Ghana’s Speaker of Parliament, Rt. Hon. Alban Sumana Kingsford Bagbin used a major parliamentary economic platform in Marrakesh this week to press regional economic blocs to look outward, urging African, Euro-Mediterranean and Gulf institutions to move past intra-regional integration.
He is calling for what he termed “constructing formidable relationships” across regions for mutual economic gain.
Addressing the 4th Marrakesh Parliamentary Dialogue, Speaker Bagbin told delegates that existing regional economic arrangements, however effective internally, risk becoming limiting structures if they do not connect outward to other regional markets.
He framed the call directly, advising blocs to move beyond “building regional economic silos” toward partnerships that expand “economic opportunity for mutual profit” between Africa, the Euro-Mediterranean zone, and the Gulf states.
Central to his pitch was Ghana’s positioning as a natural convergence point for cross-regional trade. The Speaker pointed to the country’s location on the West African coast as offering “a natural gateway” to landlocked Sahelian states and to global shipping lines, a geographic advantage he said positions Ghana to boost “both intra and inter-regional trade.”
He cited the country’s stable political environment, improving transport infrastructure, and expanding port facilities at Tema and Takoradi as further competitive strengths that ought to draw international business attention, while noting that the government’s deliberate alignment of industrialisation and export diversification strategies, including the planned transition to a 24-hour economy, would support continuous production, trade facilitation, and global competitiveness.
Bagbin further outlined the policy architecture Ghana has built to support deeper continental and inter-regional trade.

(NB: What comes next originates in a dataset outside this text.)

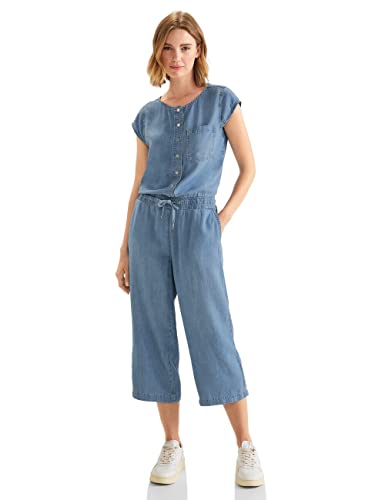 STREET ONE Damen A376531 3/4 Denim Jumpsuit, Soft Indigo Bleach, 36W / 22L...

He referenced a dedicated policy framework and action plan for implementing the African Continental Free Trade Area (AfCFTA), alongside a National Export Development Strategy (NEDS) designed to revitalise the country’s export base with a sharper focus on tapping Africa’s market of over 1.3 billion consumers.
According to him, the action plan sets out guidance for mainstreaming AfCFTA implementation through value-addition to exports, building capacity to compete more effectively with imports, and expanding job-creation opportunities tied to export growth.

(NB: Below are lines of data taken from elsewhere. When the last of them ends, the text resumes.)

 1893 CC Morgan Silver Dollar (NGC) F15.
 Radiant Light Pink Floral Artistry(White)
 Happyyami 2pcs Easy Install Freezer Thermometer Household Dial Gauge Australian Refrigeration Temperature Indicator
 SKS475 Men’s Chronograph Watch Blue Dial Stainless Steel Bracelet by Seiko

The Marrakesh Parliamentary Dialogue, organised by the Parliamentary Assembly of the Mediterranean and the House of Councillors of the Kingdom of Morocco in partnership with the Parliamentary Network of the World Bank and the International Monetary Fund, brought together senior policymakers, civil society representatives and academics from across Africa, the Euro-Mediterranean region and the Gulf.

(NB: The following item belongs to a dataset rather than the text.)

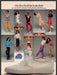 Keds Shoes 1980s Print Advertisement 1981 "One shoe for all the looks" Keds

The Forum’s four thematic panels tackled public debt and trade impediments, investment in artificial intelligence and a proposed Euro-Mediterranean and Gulf AI Hub, sustainable job creation through regional incubators and the Blue Economy, and the impact of climate change on food security, discussions that fed directly into Bagbin’s broader argument that economic resilience now depends on regions actively building bridges with one another rather than deepening only their own internal integration.
On the sidelines of the Forum, the Speaker held bilateral meetings with his counterparts from the United Arab Emirates and Niger, as well as the President of the Moroccan House of Councillors, engagements that parliamentary officials described as part of efforts toward the same goal of strengthening formidable, cross-regional ties that Bagbin placed at the heart of his Marrakesh address.